I suppose if one looks at the relationships between the Royal Families and Nobility of Europe in 1914 there is an element of familial strife present.
Wars of that kind can't happen again? Don't be silly, of course they can. Ask Tsar Putin. Paper agreements mean nothing when people or governments are angry enough or drunk on ideology. In that respect, the EU is not one whit better than the League of Nations. No, 1914-45 wasn't a civil war. I've seen the term German wars (as in Napoleonic wars) used. I think that covers it much better.
I suppose if one looks at the relationships between the Royal Families and Nobility of Europe in 1914 there is an element of familial strife present. That seems to be a basis for those that support the concept, but it appears to be completely ignorant of the events of 1848, the English Civil War etc. The Monarchies were still partially powerful, and widely interconnected, but they were largely figureheads. It's taking one detail and overlaying it rather thickly over 100 other factors which lead to war, out of all proportion to that detail's worth. And by the Second War, it's a complete irrelevance - Stalin may have been called a Red monarch on many occasions, but he, Adolf, Mussolini, Roosevelt and others were hardly Saxe-Coburgs or Hanoverians.
Below is a quote from May 2013 Military History magazine editorial by Dr Neil Faulker. "The Second World War was never a single conflict. What began as a European civil war evolved... so when Churchill spoke of the 'end of the beginning', he was expressing a very British view. Alamein was indeed the end of the long 'beginning' before the might of Russia and american began to tell.' Other than obvious.... factual issues surrounding the above, I wondered what people's thoughts were on the (personally) nonsensical description of a 'European civil war' often advocated by some American scholars, but rarely, as in this case a British lecturer at Bristol.

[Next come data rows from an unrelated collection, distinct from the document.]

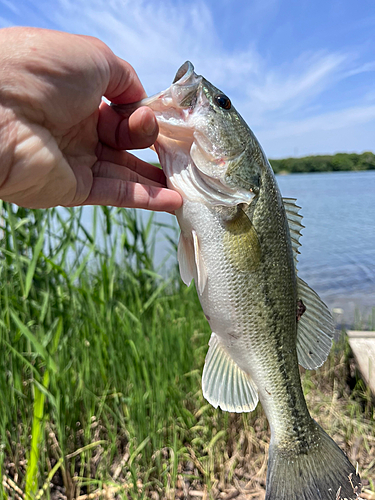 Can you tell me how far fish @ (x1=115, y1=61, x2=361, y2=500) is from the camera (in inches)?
62.9

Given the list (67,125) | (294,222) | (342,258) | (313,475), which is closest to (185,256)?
(294,222)

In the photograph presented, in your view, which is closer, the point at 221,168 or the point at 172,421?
the point at 221,168

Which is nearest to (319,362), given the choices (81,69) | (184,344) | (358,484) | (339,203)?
(358,484)

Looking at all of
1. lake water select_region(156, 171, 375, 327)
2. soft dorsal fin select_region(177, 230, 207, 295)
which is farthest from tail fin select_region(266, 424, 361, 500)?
lake water select_region(156, 171, 375, 327)

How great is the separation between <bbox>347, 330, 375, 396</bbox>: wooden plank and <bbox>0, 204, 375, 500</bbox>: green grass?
16cm

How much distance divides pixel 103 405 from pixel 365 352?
2.54 metres

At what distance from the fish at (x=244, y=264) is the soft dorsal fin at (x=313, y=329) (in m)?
0.10

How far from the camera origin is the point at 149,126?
5.36 ft

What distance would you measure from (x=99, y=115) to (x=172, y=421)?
2052 mm

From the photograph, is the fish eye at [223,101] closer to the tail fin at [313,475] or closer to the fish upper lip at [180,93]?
the fish upper lip at [180,93]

I cannot possibly see it as a European civil war. I would think that WWI would come closer to meeting the criteria, at least in its origins.
This might help.. a longer quote. "The Second World War was never a single conflict. What began as a European civil war evolved, at the end of its first year, into a confrontation between the British Empire, supreme at sea, and the Nazis, dominant on land. In the middle of 1941, it changed again, as Eastern Europe was engulfed by a titanic and primeval struggle between Teuton and Slav.And only at the end of that year did it go global, when Japan launched an offensive in the Far East that immediately brought the USA into the war. By the time it ended, the Second World War had become a struggle for global domination between two emergent superpowers – the US and the USSR. Many of its later acts – the ‘Big Three’ conferences at Teheran, Yalta, and Potsdam; the race to Berlin; the dropping of atomic bombs on Hiroshima and Nagasaki – turned out to be the opening moves of a new ‘Cold War’. So when Churchill spoke of ‘the end of the beginning’, he was expressing a very British view. Alamein was indeed the end of the long ‘beginning’ before the might of Russia and America began to tell. Once it did, victory was virtually certain – but so too was the eclipse of the British Empire. Alamein, in a sense, was the last hurrah of the greatest of the old European empires. But Britain’s war was important in other ways. A people’s war, it could be won only by mass mobilisation and collective action. Because of this, victory meant not just the destruction of Fascism, but also a new contract between state and people based on economic intervention and social reform."
European Civil War? I thought that was only just starting? Local Normandy tourist boards have a better grasp of history than Brussels.
An academic wanting to be noticed. He'd be better off if someone handed him a banjo instead of a pen.